TCU define os limites para quintos, VPNI e acumulação com subsídio
Julgados preservam incorporações regularmente constituídas e reforçam os limites constitucionais do regime de subsídio na Administração Pública.
Dois recentes julgados do Tribunal de Contas da União (TCU) estabeleceram parâmetros relevantes para a interpretação das regras aplicáveis aos quintos, décimos, VPNI e à acumulação dessas vantagens com o regime remuneratório por subsídio. As decisões, proferidas nos Acórdãos nº 2.795/2026 e nº 3.143/2026, oferecem maior segurança jurídica para a Administração Pública ao esclarecer em quais situações vantagens pessoais podem ser preservadas e quando sua manutenção encontra limites na Constituição.
No primeiro precedente, o TCU reconheceu a licitude da incorporação de quintos ou décimos calculados com base em função posteriormente transformada, reclassificada ou reestruturada. Para isso, estabeleceu dois requisitos: a transformação da função deve ter ocorrido antes da vigência da Lei nº 9.527/1997 e deve existir correspondência entre a função transformada e aquela efetivamente exercida pelo servidor.
Na prática, o entendimento afasta a perda automática da vantagem em razão de alterações posteriores na estrutura administrativa. O que o Tribunal prestigia é a regularidade da incorporação realizada à luz da legislação vigente à época, preservando situações jurídicas legitimamente constituídas e evitando que reorganizações administrativas prejudiquem direitos já consolidados.
O segundo julgamento analisou a possibilidade de acumulação de quintos, décimos ou vantagem-opção com o regime de subsídio aplicado aos membros do Ministério Público da União. O TCU reafirmou que essa acumulação não é compatível com o modelo constitucional de remuneração por subsídio, que prevê o pagamento em parcela única, sem a agregação de vantagens dessa natureza.
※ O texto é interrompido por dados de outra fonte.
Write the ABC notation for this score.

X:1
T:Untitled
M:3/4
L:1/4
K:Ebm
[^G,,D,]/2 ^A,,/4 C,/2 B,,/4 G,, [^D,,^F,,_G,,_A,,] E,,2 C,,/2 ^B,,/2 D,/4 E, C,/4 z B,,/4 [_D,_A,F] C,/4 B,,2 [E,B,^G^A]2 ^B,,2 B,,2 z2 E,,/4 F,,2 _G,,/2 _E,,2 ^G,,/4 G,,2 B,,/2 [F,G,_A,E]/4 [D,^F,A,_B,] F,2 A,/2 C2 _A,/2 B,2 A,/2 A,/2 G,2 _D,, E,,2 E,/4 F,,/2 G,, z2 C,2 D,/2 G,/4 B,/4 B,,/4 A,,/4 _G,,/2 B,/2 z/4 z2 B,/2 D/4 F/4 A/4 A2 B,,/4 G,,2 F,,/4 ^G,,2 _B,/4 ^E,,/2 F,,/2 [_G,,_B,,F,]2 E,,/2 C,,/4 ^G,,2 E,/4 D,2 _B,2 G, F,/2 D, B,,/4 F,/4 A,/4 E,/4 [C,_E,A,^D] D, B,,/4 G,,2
Ao mesmo tempo, a Corte observou a modulação dos efeitos definida pelo Supremo Tribunal Federal na ADI nº 3.834. Com isso, reconheceu que os valores percebidos de boa-fé até 4 de setembro de 2024 permanecem resguardados, sem necessidade de devolução, desde que não exista decisão judicial transitada em julgado autorizando a continuidade da cumulação. O entendimento busca conciliar a observância da Constituição com a proteção da confiança legítima daqueles que receberam as parcelas sob interpretação anteriormente admitida.
Embora tratem de hipóteses distintas, os dois acórdãos evidenciam uma diretriz comum adotada pelo TCU: a solução de controvérsias envolvendo vantagens pessoais deve considerar o contexto jurídico em que o direito foi constituído e a evolução da jurisprudência constitucional. Em outras palavras, nem toda vantagem incorporada deve ser afastada em razão de mudanças legislativas posteriores, assim como nem toda situação consolidada pode prevalecer quando confrontada com regras constitucionais sobre o regime remuneratório.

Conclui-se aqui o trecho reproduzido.